Pilkington v Singh

Case

[2018] NZHC 512

23 March 2018

No judgment structure available for this case.

IN THE HIGH COURT OF NEW ZEALAND HAMILTON REGISTRY

I TE KŌTI MATUA O AOTEAROA KIRIKIRIROA ROHE

CIV-2017-419-000302 [2018] NZHC 512

BETWEEN

ROSS PILKINGTON AND RPG

TRUSTEES 2006 LIMITED AS TRUSTEES OF THE ROSS PILKINGTON FAMILY TRUST

Appellants

AND

ROBINDER SINGH AND KAMALDEEP SINGH

Respondents

Hearing: 8 March 2018

Appearances:

M Branch and S Rawcliffe for the Appellants
T Braun and R Potter for the Respondents

Judgment:

23 March 2018

JUDGMENT OF JAGOSE J

This judgment is delivered by me on 23 March 2018 at 11am pursuant to r 11.5 of the High Court Rules.

..................................................... Registrar / Deputy Registrar

Solicitors:

Harkness Henry, Hamilton

Whitfield Braun Limited, Hamilton

PILKINGTON AND ANOR v SINGH AND SINGH [2018] NZHC 512 [23 March 2018]

Introduction

[1]      This is an appeal against the decision of Judge D M Wilson QC in the District Court at Hamilton, in which he dismissed the appellants’ claims against the respondents in trespass, nuisance (removal of support), and negligence. On appeal, only the claims in trespass and negligence are maintained.

Background

[2]      The appellants (for convenience, “Mr Pilkington”) own a farm property near Hamilton. The respondents (again, for convenience, “Mr Singh”) have owned the neighbouring farm property since 1 June 2005.

[3]      For a period of time between 2013 and 2015, with Mr Pilkington’s conditioned consent, Mr Singh cleaned and maintained the common boundary drain between the two properties.

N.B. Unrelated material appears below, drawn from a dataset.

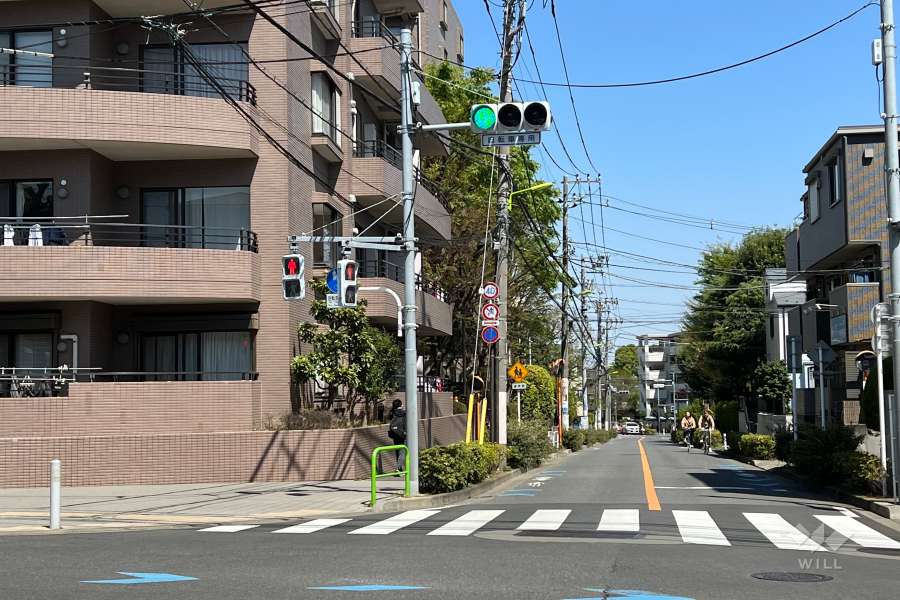 敷地の東側前面道路(南側から)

Mr Pilkington alleges Mr Singh exceeded the terms of that consent, and negligently caused damage to the Pilkington farm.

[4]      The essence of the negligence complaint is Mr Singh excavated the drains below the depth necessary to drain the adjoining land, and to a depth that lowered the water table, with the result Mr Pilkington’s land cracked and slumped. The trespass complaint rests on Mr Pilkington, in advance of Mr Singh carrying out any work on Mr Pilkington’s land, telling Mr Singh “not to clean the drain too deep”.

[5]      In a statement of facts for trial of liability only, the parties relevantly agreed:

(a)       their  respective  farms  are  separated  by  an  approximately  1.15km boundary drain;

(b)      the boundary between the farms is in the drain;

(c)       before Mr Singh did any work on the drain, Mr Pilkington told Mr

Singh not to clean the drain too deep;

(d)during late 2013, late 2014 and early 2015, Mr Singh’s work on parts or all of the drain to depths exceeding 0.5m;

(e)       the current depth of the drain ranges from 1.8m to 2.2m for 200m at the

O’Regan Road end; and

(f)      Mr Pilkington’s land adjacent the drain has been affected by cracking and/or slumping.

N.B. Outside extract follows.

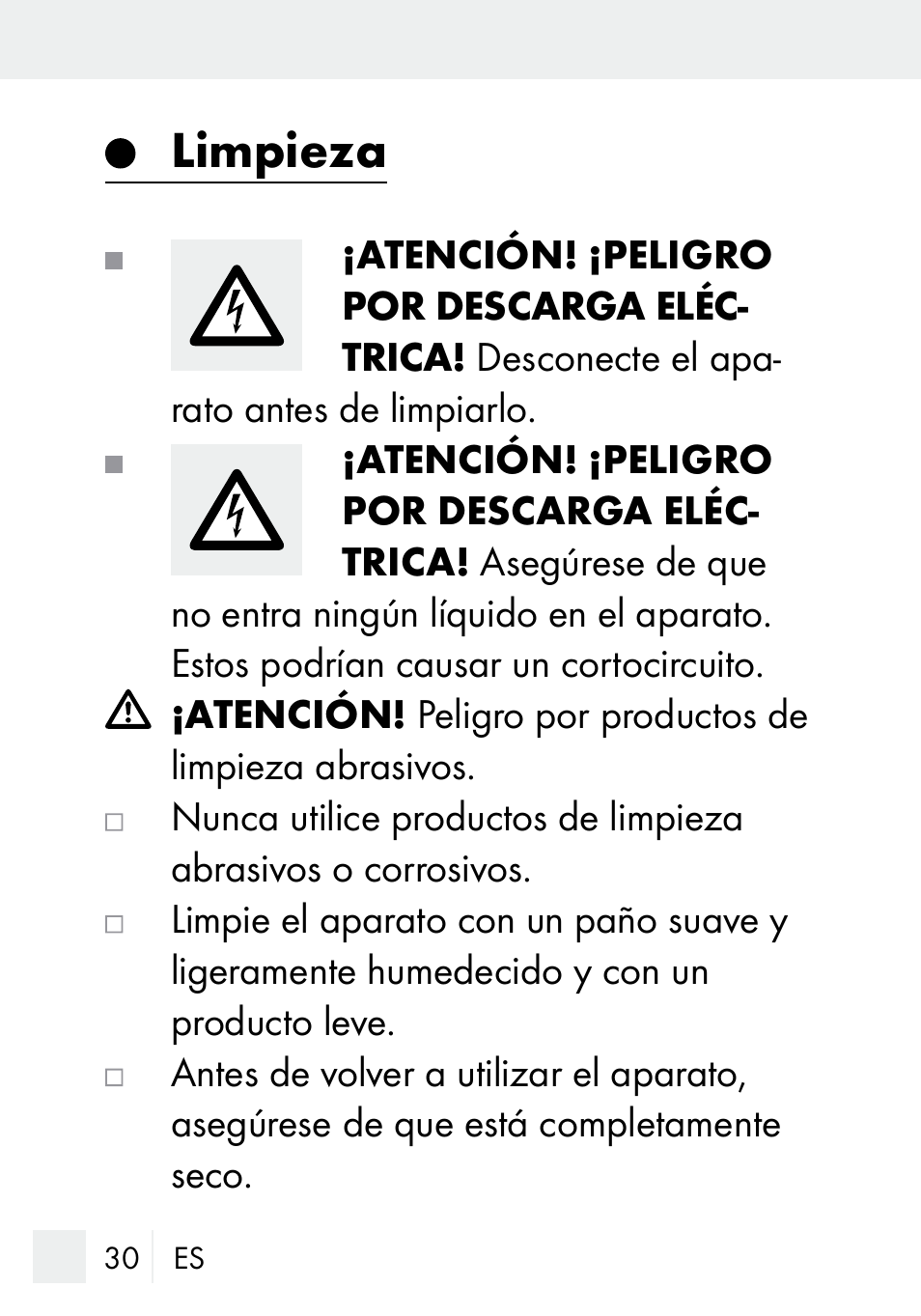 Limpieza | Silvercrest DZ 20 User Manual | Page 30 / 149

[6]      Also material are joint engineering and farming expert reports prepared for evidence at trial, relevantly agreeing:

(a)      formation of the cracks in Mr Pilkington’s land, and the lowering of the groundwater table (leading to cracking and subsidence of Mr Pilkington’s land), is attributable to the drain’s excavation; and

(b)best practice management of the water table, at 0.5m from the top of the drain bank, meant “an acceptable depth was likely to be the [sic] range of 1.2-1.8 metres”.

The judgment under appeal

[7]      In the judgment under appeal, Judge Wilson found as facts:

(a)      Mr Singh had permission from Mr Pilkington to clean and maintain the common boundary drain;

(b)cleaning and maintaining the boundary drain would lower the water table in the drain;

(c)      Mr Pilkington knew and accepted cleaning and maintenance of the boundary drain between the two properties would lead to drying out of the surface of his property and loss of land on his side;

(d)Mr Pilkington never objected to Mr Singh’s methodology of cleaning the drain using his digger positioned on Mr Singh’s side of the drain and necessarily reaching across the boundary line between the properties; and

(e)      no issue was raised with Mr Singh about the way in which he was doing the drainage work until after the final drainage work in 2015.

[8]      Judge Wilson addressed the joint experts’ reports briefly. He said:

Mr Pilkington did not explain to Mr Singh what he meant by “too deep”. [Mr Pilkington’s counsel] submitted that the term must be taken to accord with the findings of the experts. I do not accept that submission given the experts’ reports came to hand many years later and cannot be held to have been anticipated by the two men.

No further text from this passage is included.